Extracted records
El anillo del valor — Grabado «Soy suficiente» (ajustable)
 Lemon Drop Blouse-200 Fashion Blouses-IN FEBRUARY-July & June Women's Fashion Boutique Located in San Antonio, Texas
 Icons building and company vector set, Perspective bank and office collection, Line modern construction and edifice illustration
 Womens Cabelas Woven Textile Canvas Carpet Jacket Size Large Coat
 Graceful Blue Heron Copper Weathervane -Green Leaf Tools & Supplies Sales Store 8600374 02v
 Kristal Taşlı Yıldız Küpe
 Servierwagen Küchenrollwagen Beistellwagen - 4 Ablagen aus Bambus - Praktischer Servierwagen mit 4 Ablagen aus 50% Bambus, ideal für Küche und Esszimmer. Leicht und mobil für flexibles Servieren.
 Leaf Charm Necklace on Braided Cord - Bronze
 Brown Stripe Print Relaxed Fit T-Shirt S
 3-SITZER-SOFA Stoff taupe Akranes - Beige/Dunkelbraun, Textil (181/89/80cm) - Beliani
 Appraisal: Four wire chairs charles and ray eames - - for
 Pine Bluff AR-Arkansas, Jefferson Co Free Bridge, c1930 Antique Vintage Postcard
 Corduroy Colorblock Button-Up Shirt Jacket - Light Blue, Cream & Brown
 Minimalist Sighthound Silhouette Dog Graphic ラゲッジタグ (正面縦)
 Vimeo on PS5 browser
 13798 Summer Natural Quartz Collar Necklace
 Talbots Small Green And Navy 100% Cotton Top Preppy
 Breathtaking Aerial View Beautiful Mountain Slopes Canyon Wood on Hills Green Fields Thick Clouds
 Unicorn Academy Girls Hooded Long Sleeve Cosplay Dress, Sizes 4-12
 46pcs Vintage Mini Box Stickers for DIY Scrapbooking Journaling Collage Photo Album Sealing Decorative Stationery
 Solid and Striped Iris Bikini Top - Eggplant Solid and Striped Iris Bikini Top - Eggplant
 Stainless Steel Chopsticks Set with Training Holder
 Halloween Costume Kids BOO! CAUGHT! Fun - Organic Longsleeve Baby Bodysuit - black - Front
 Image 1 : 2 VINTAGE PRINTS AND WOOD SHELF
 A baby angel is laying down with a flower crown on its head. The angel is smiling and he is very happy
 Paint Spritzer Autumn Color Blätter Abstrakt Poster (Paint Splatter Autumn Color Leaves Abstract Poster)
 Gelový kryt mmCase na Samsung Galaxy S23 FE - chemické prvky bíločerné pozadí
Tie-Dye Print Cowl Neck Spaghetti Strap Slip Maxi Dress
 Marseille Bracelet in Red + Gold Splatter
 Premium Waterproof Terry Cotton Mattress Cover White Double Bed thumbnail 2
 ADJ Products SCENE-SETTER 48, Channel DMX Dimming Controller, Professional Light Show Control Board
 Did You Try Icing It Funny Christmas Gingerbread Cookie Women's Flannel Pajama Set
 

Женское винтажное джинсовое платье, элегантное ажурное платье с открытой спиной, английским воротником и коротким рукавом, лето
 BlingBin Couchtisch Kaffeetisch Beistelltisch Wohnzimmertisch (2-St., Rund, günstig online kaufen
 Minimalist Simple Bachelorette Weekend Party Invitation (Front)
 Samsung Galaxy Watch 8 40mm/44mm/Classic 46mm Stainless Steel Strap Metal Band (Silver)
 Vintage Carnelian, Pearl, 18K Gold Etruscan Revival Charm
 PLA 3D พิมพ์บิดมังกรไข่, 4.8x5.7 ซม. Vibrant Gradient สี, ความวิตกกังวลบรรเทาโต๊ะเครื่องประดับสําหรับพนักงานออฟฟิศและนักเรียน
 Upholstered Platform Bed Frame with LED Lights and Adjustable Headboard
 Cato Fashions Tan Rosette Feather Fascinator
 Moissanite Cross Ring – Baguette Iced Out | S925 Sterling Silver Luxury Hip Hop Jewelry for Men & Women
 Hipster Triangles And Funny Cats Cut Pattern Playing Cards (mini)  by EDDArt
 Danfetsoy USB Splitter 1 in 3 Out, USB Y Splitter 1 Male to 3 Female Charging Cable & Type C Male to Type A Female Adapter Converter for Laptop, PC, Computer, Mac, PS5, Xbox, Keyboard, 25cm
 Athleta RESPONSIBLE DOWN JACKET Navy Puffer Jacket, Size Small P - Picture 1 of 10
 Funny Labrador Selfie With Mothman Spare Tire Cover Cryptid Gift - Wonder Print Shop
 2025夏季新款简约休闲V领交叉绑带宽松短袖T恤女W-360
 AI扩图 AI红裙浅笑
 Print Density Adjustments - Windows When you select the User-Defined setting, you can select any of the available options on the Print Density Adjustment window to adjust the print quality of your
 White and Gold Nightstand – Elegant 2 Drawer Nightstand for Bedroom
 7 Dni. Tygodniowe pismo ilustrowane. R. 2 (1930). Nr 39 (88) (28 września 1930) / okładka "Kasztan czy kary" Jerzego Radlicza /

Brief.
Give back the complete data, each line unchanged.

Problem solution.
El anillo del valor — Grabado «Soy suficiente» (ajustable)
 Lemon Drop Blouse-200 Fashion Blouses-IN FEBRUARY-July & June Women's Fashion Boutique Located in San Antonio, Texas
 Icons building and company vector set, Perspective bank and office collection, Line modern construction and edifice illustration
 Womens Cabelas Woven Textile Canvas Carpet Jacket Size Large Coat
 Graceful Blue Heron Copper Weathervane -Green Leaf Tools & Supplies Sales Store 8600374 02v
 Kristal Taşlı Yıldız Küpe
 Servierwagen Küchenrollwagen Beistellwagen - 4 Ablagen aus Bambus - Praktischer Servierwagen mit 4 Ablagen aus 50% Bambus, ideal für Küche und Esszimmer. Leicht und mobil für flexibles Servieren.
 Leaf Charm Necklace on Braided Cord - Bronze
 Brown Stripe Print Relaxed Fit T-Shirt S
 3-SITZER-SOFA Stoff taupe Akranes - Beige/Dunkelbraun, Textil (181/89/80cm) - Beliani
 Appraisal: Four wire chairs charles and ray eames - - for
 Pine Bluff AR-Arkansas, Jefferson Co Free Bridge, c1930 Antique Vintage Postcard
 Corduroy Colorblock Button-Up Shirt Jacket - Light Blue, Cream & Brown
 Minimalist Sighthound Silhouette Dog Graphic ラゲッジタグ (正面縦)
 Vimeo on PS5 browser
 13798 Summer Natural Quartz Collar Necklace
 Talbots Small Green And Navy 100% Cotton Top Preppy
 Breathtaking Aerial View Beautiful Mountain Slopes Canyon Wood on Hills Green Fields Thick Clouds
 Unicorn Academy Girls Hooded Long Sleeve Cosplay Dress, Sizes 4-12
 46pcs Vintage Mini Box Stickers for DIY Scrapbooking Journaling Collage Photo Album Sealing Decorative Stationery
 Solid and Striped Iris Bikini Top - Eggplant Solid and Striped Iris Bikini Top - Eggplant
 Stainless Steel Chopsticks Set with Training Holder
 Halloween Costume Kids BOO! CAUGHT! Fun - Organic Longsleeve Baby Bodysuit - black - Front
 Image 1 : 2 VINTAGE PRINTS AND WOOD SHELF
 A baby angel is laying down with a flower crown on its head. The angel is smiling and he is very happy
 Paint Spritzer Autumn Color Blätter Abstrakt Poster (Paint Splatter Autumn Color Leaves Abstract Poster)
 Gelový kryt mmCase na Samsung Galaxy S23 FE - chemické prvky bíločerné pozadí
Tie-Dye Print Cowl Neck Spaghetti Strap Slip Maxi Dress
 Marseille Bracelet in Red + Gold Splatter
 Premium Waterproof Terry Cotton Mattress Cover White Double Bed thumbnail 2
 ADJ Products SCENE-SETTER 48, Channel DMX Dimming Controller, Professional Light Show Control Board
 Did You Try Icing It Funny Christmas Gingerbread Cookie Women's Flannel Pajama Set
 

Женское винтажное джинсовое платье, элегантное ажурное платье с открытой спиной, английским воротником и коротким рукавом, лето
 BlingBin Couchtisch Kaffeetisch Beistelltisch Wohnzimmertisch (2-St., Rund, günstig online kaufen
 Minimalist Simple Bachelorette Weekend Party Invitation (Front)
 Samsung Galaxy Watch 8 40mm/44mm/Classic 46mm Stainless Steel Strap Metal Band (Silver)
 Vintage Carnelian, Pearl, 18K Gold Etruscan Revival Charm
 PLA 3D พิมพ์บิดมังกรไข่, 4.8x5.7 ซม. Vibrant Gradient สี, ความวิตกกังวลบรรเทาโต๊ะเครื่องประดับสําหรับพนักงานออฟฟิศและนักเรียน
 Upholstered Platform Bed Frame with LED Lights and Adjustable Headboard
 Cato Fashions Tan Rosette Feather Fascinator
 Moissanite Cross Ring – Baguette Iced Out | S925 Sterling Silver Luxury Hip Hop Jewelry for Men & Women
 Hipster Triangles And Funny Cats Cut Pattern Playing Cards (mini)  by EDDArt
 Danfetsoy USB Splitter 1 in 3 Out, USB Y Splitter 1 Male to 3 Female Charging Cable & Type C Male to Type A Female Adapter Converter for Laptop, PC, Computer, Mac, PS5, Xbox, Keyboard, 25cm
 Athleta RESPONSIBLE DOWN JACKET Navy Puffer Jacket, Size Small P - Picture 1 of 10
 Funny Labrador Selfie With Mothman Spare Tire Cover Cryptid Gift - Wonder Print Shop
 2025夏季新款简约休闲V领交叉绑带宽松短袖T恤女W-360
 AI扩图 AI红裙浅笑
 Print Density Adjustments - Windows When you select the User-Defined setting, you can select any of the available options on the Print Density Adjustment window to adjust the print quality of your
 White and Gold Nightstand – Elegant 2 Drawer Nightstand for Bedroom
 7 Dni. Tygodniowe pismo ilustrowane. R. 2 (1930). Nr 39 (88) (28 września 1930) / okładka "Kasztan czy kary" Jerzego Radlicza /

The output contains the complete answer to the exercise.